USA Cycling has announced that former CEO Lisa Voight, now the organization’s senior advisor for Olympic and international relations, has submitted her resignation.
Voight’s decision comes less than a day after the board of USA Cycling granted Gerard Bisceglia, the organization’s current CEO, the authority to “renegotiate the terms” of a reported two-year $200,000 contract.
Late last year, Voight announced plans to leave her post as CEO effective in May, the expected due date of her twin daughters born this spring. Speaking from her home on Wednesday, Voight told VeloNews that, with her new family status, she doesn’t feel she can focus on the duties required by the position with USA Cycling.
“I’m focused on taking care of my two daughters now, and I really can’t be working full time,” Voight said.
Voight had led cycling’s governing body since former USCF CEO Jerry Lace left in 1993. She was offered a two-year extension of her contract by members of the USA Cycling board of trustees last October. That decision, however, led to something of an internal controversy as members of the USA Cycling Development Foundation board objected, largely because the offer was made before representatives of the organization returned to the USA Cycling board in January.
Though a new offer was later made, Voight opted to resign as CEO and accepted her new $100,000 per-year position.That salary expense has been an issue, particularly in August when Bisceglia eliminated three top management positions at USA Cycling after “an evaluation of our budget, our revenues and operating expenses.”
Bisceglia declined to reveal details of Voight’s renegotiation, but told VeloNews on Wednesday that the move has resulted in a “significant savings” to USA Cycling.

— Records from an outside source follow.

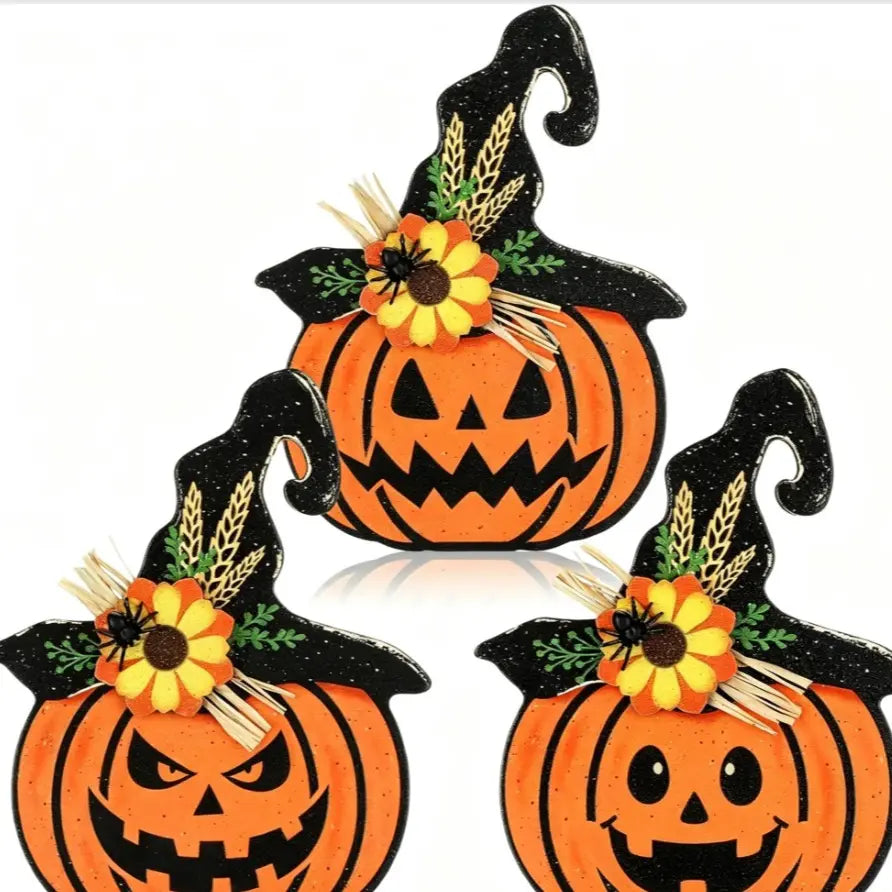 6PCS Halloween Wooden Shelf Sitter Set – Cute Ghost, Pumpkin & Black Cat Table Decor | Rustic Farmhouse Halloween Tiered Tray Decorations | Fall Home & Office Party Display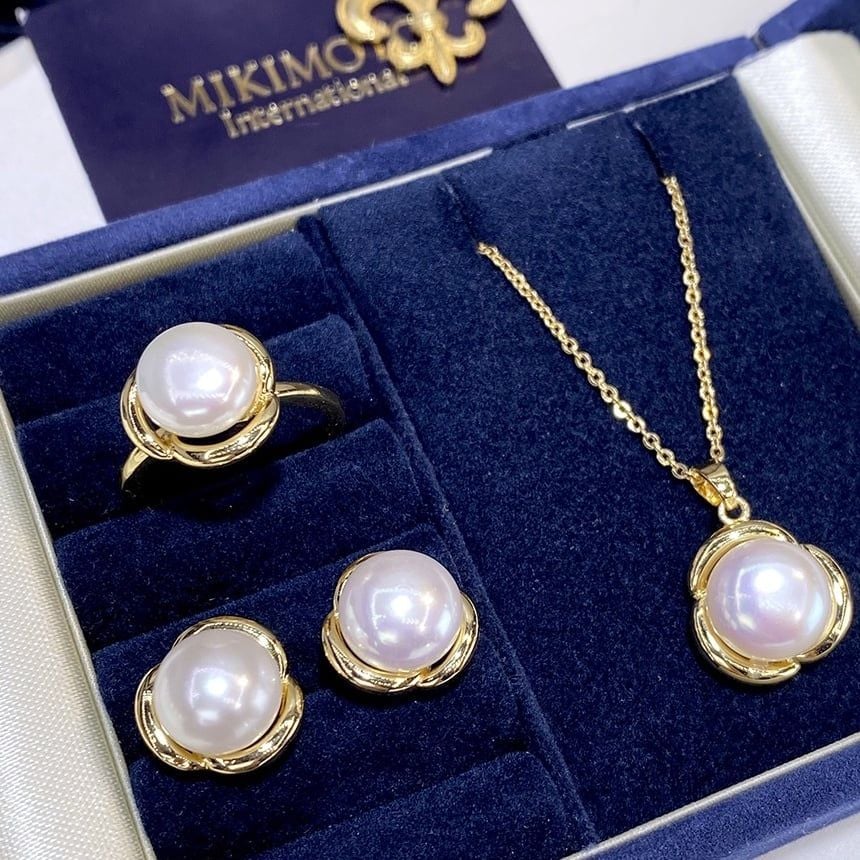 Bộ Set Ngọc Trai Dây chuyền + Nhẫn + Bông Tai Dáng Hoa 3 Cánh đáng yêu SPS021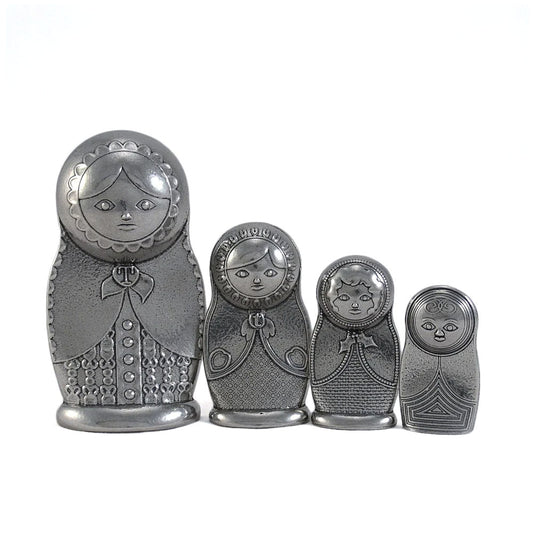 Matyroshka Russian Nesting Dolls 4-Piece Pewter Measuring Spoon Set by Roosfoos, Handmade in the USA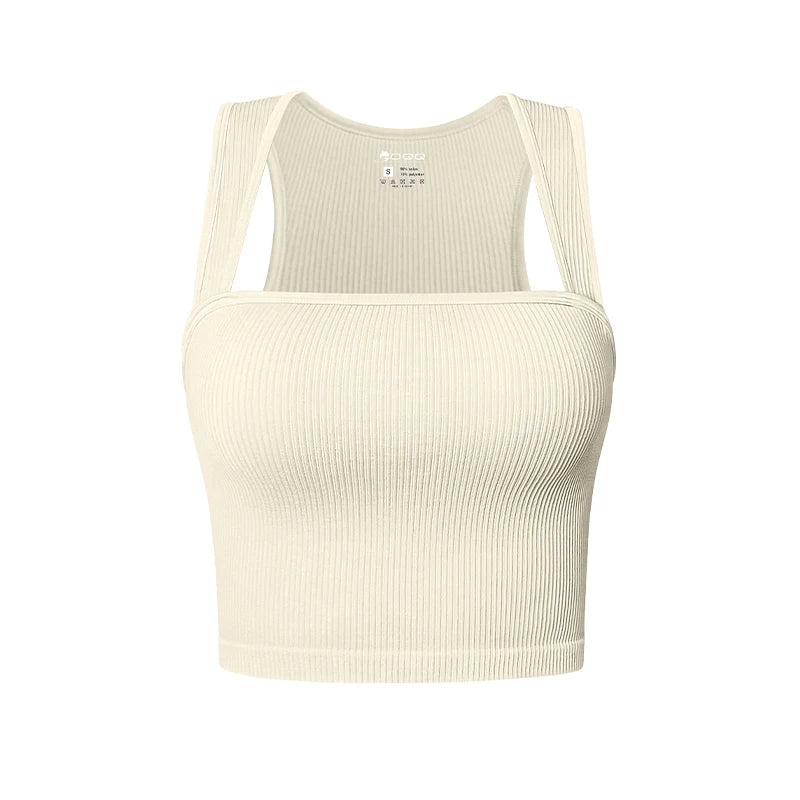 Women Slim Tank Top Sexy Square Neck Sleeveless Ribbed Tops Ladies Crop Top Beige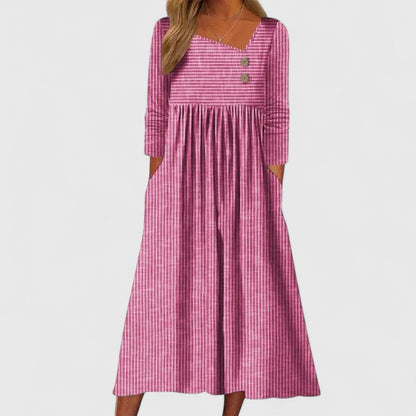 Aurelis™ | Midi-Kleid mit asymmetrischem Ausschnitt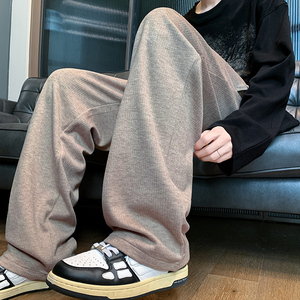 直播仿羊绒直筒休闲裤男大码宽松显瘦垂感针织毛呢裤 K868P60,男装休闲裤,电商A073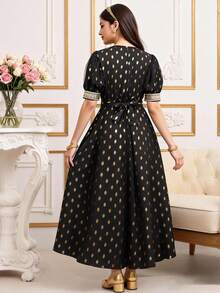 SHEIN Teen Girl Summer New Thin Hot Stamping Polka Dot Short Sleeved Elegant Vacation Waist Cinching High-End Feeling Retro Dress Showing Ladylike Medium Long Skirt - Black - View 2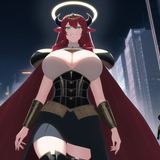cyberpunk, night, street, army, soldiers, readhead, red hair, long hair, wavy hair, large breasts, c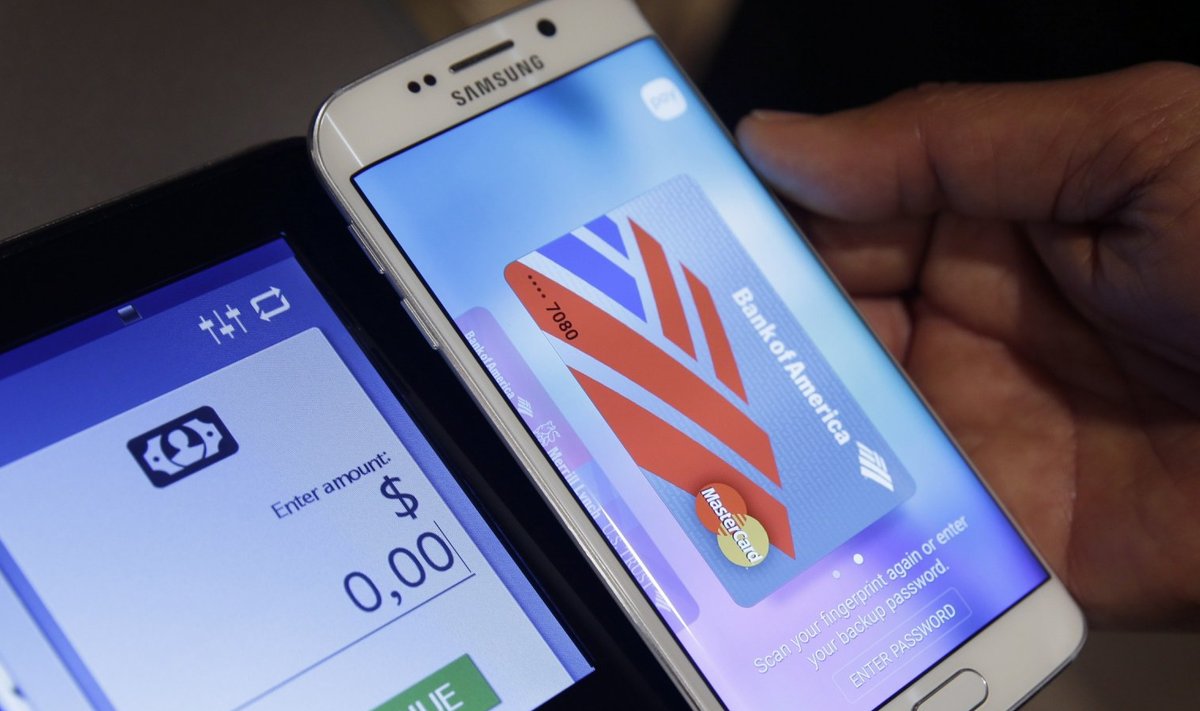 Samsung Pay koos Galaxy S6 edge+ telefoniga. (Foto: AP)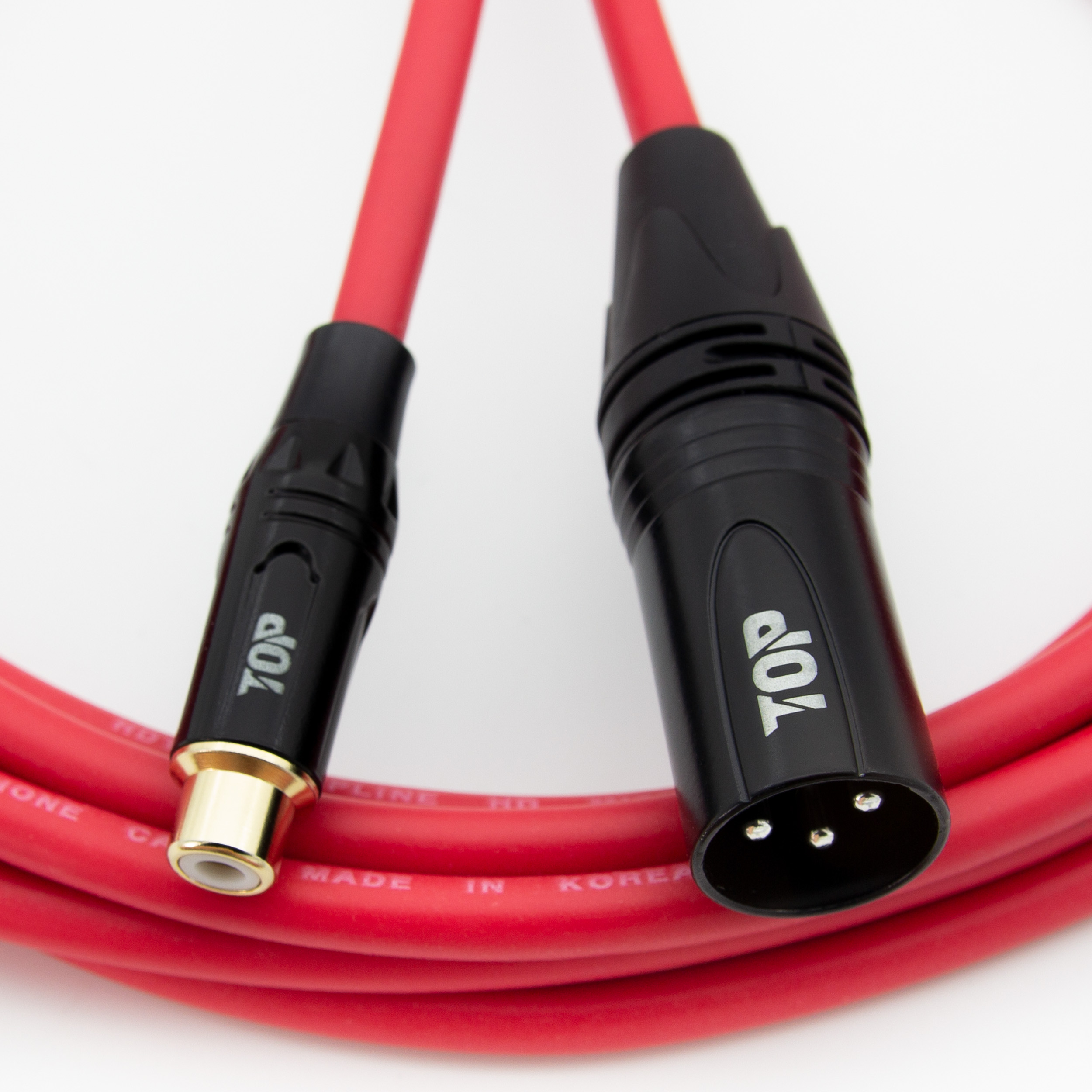 탑라인에이치디 HDTOP RCA 암 to XLR 수 케이블 블랙레드 (15m, HT-TP5943)_이미지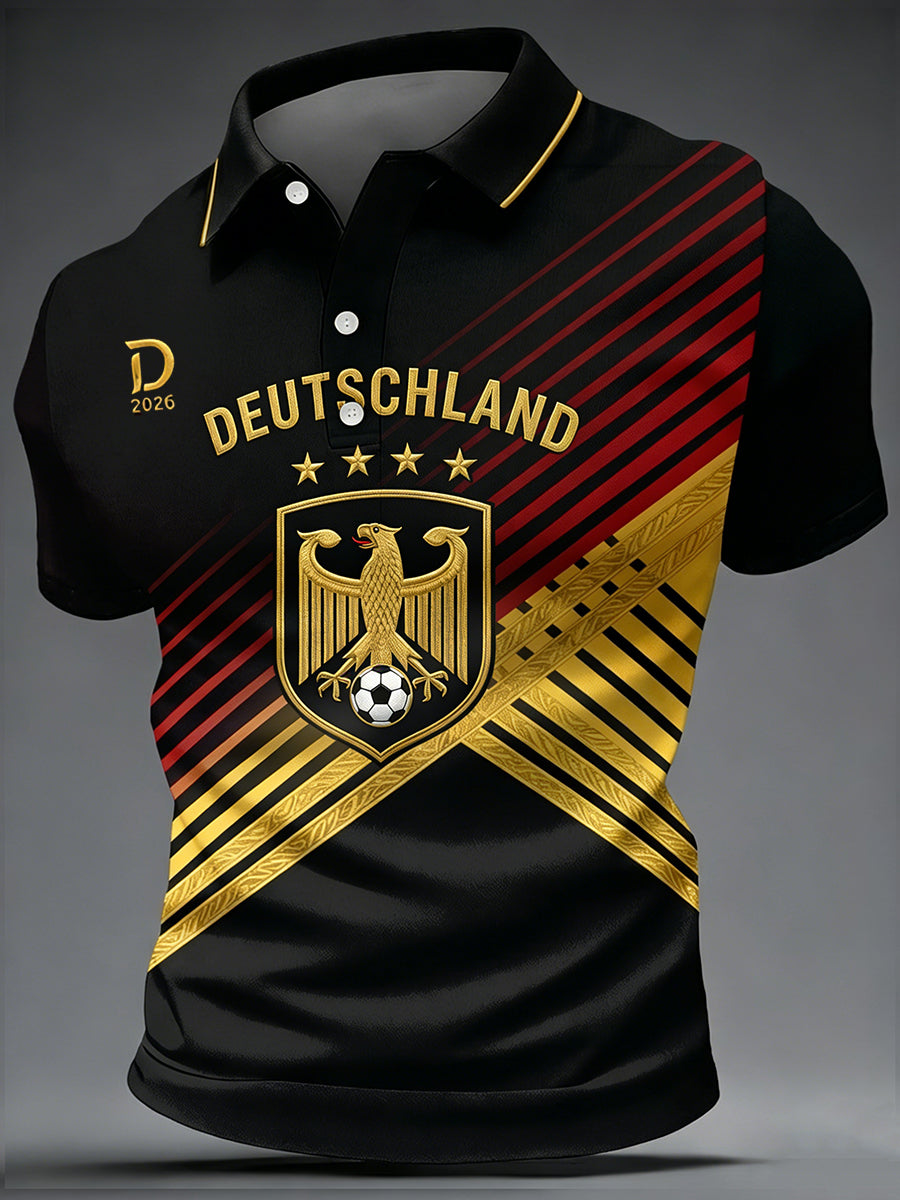 Herren-Deutschland-Fußballfan-Shirt mit kurzen Ärmeln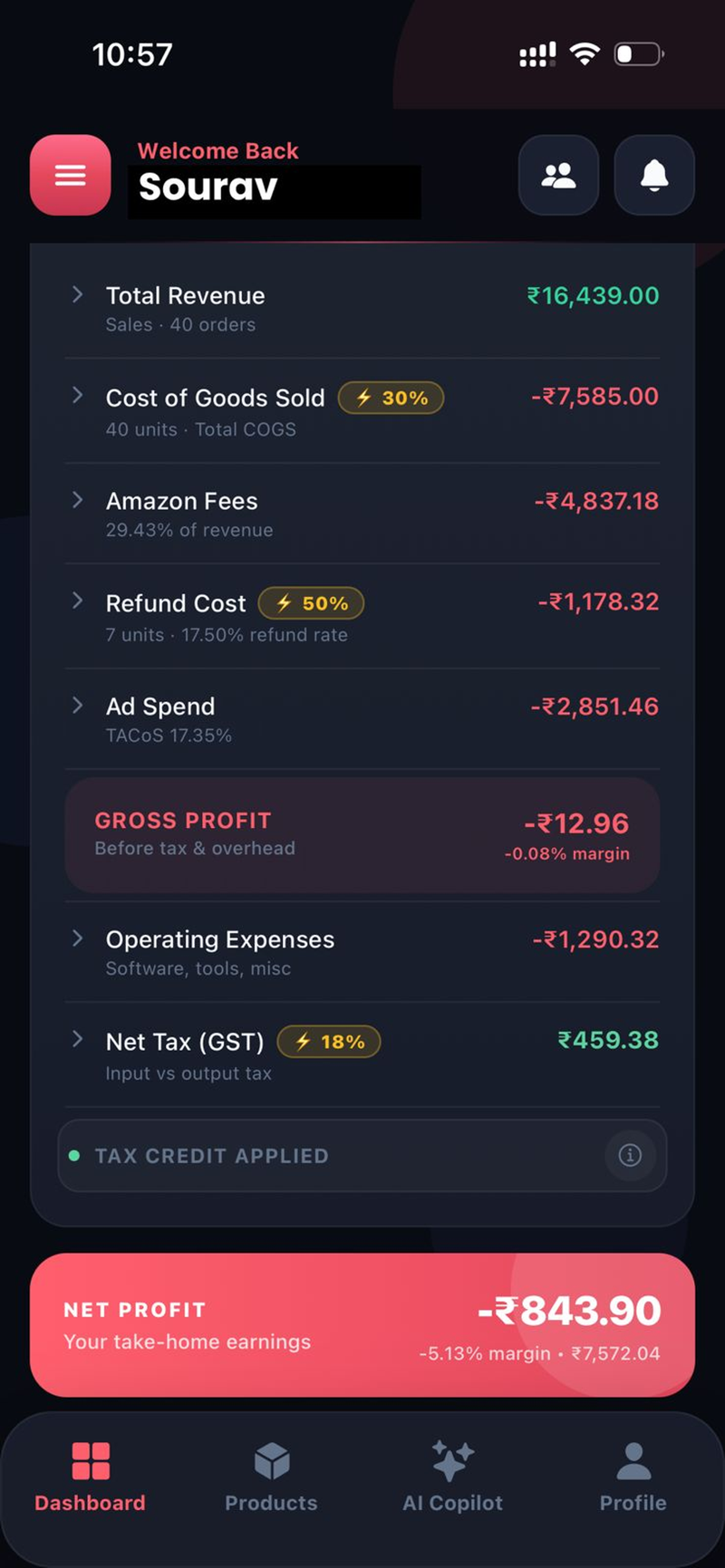 The Sellerview app showing net profit, sales and units for the day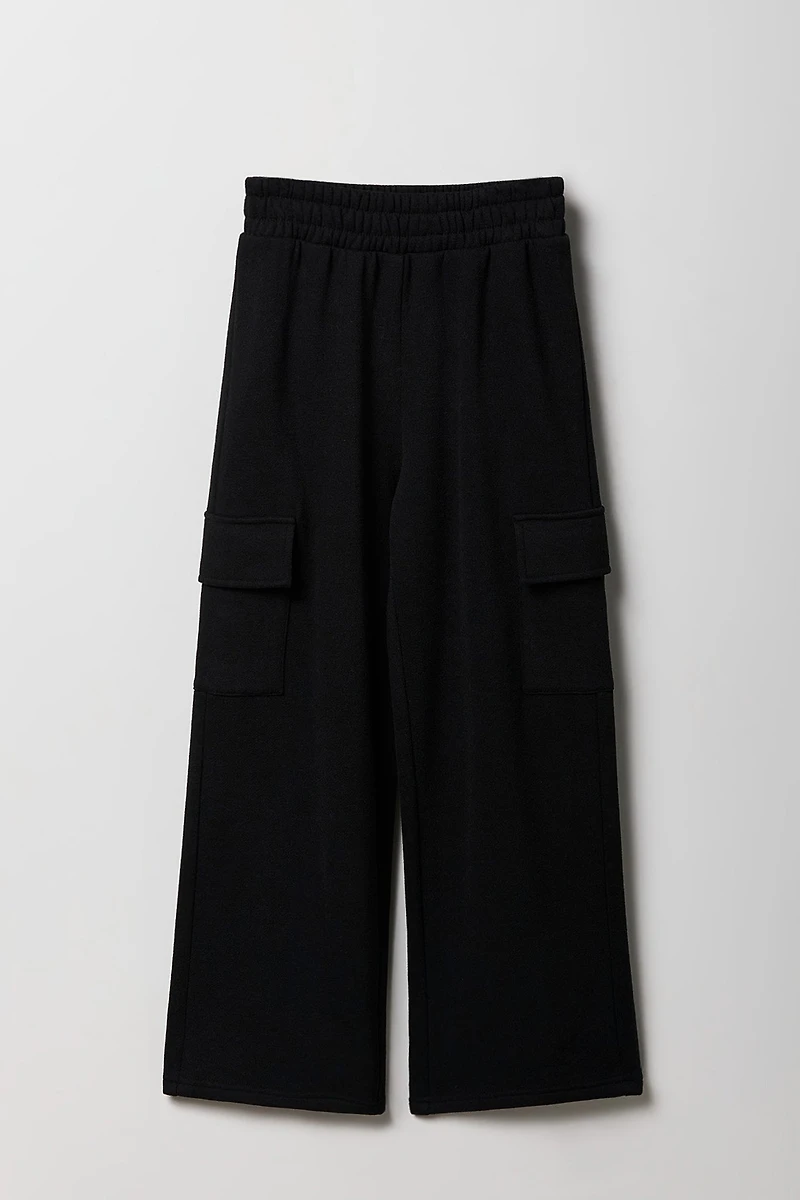 Girls Fleece Wide Leg Cargo Sweatpant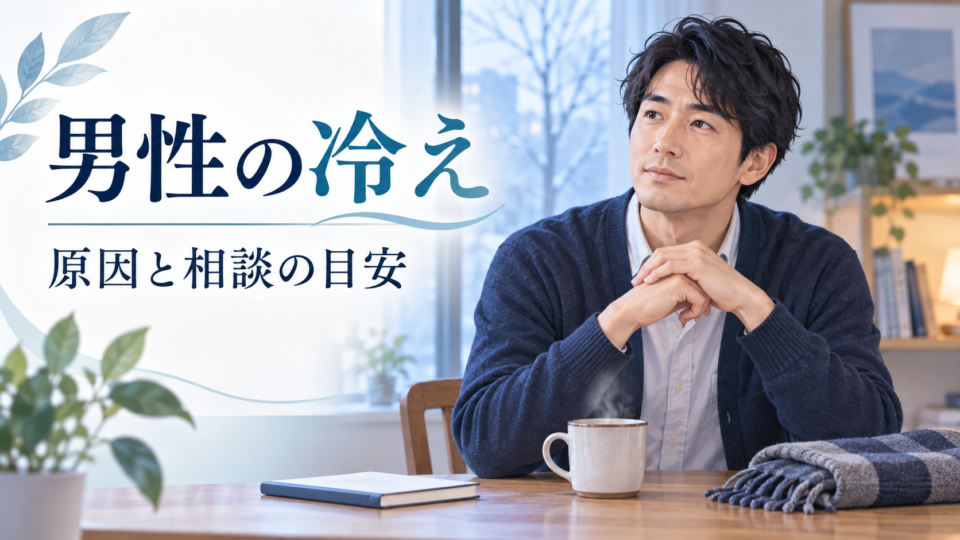 暖かい室内で冷えと体調について考える男性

Voight will still serve as a member of the U.S. Olympic Committee board of directors.
No, no to BMX marriage
It’s been a season of change at USA Cycling, but one change that won’t be taking place any time soon is the organization’s tentative plan to shed its BMX component, the National Bicycle League.
In a closed-door session, the organization’s board of directors on Tuesday rejected a proposed takeover of the NBL by its largest competitor, the American Bicycle Association.
“The Board reviewed the merits of the proposal at its fall Board meeting on Tuesday and decided to respectfully decline the offer and not proceed with the sale,” USA Cycling noted in a release.
What was not mentioned, however, is that the idea of a sale originated in Colorado Springs unbeknownst to the NBL staff in Ohio. A quick and very negative response from NBL members prompted the board to reconsider the move.
“We had a tremendous response from the track operators and riders who opposed this sale,” said Nigel Blair-Johns, one the NBL’s representatives to the USA Cycling board.
Blair-Johns said the proposed sale might have been indicative of the “inherent culture clash” between BMX and the other elements of the sport represented by USA Cycling. The Ohio-based sanctioning body had originally joined USA Cycling in 1998, but maintained an “escape clause” in its affiliation agreement for two years.
“Obviously, there are a few trust issues to be resolved,” Blair-Johns said. “But the board has also opened the door to reviewing the current model and I expect we will see some changes now that the idea of a sale has been put aside for now.”
It seemed like a good idea
The board also reviewed and approved an effort by Bisceglia to end the governing body’s reliance on its current “regional rep” program and pursue an aggressive effort to woo back several state and regional organizations that broke away from USA Cycling in recent years.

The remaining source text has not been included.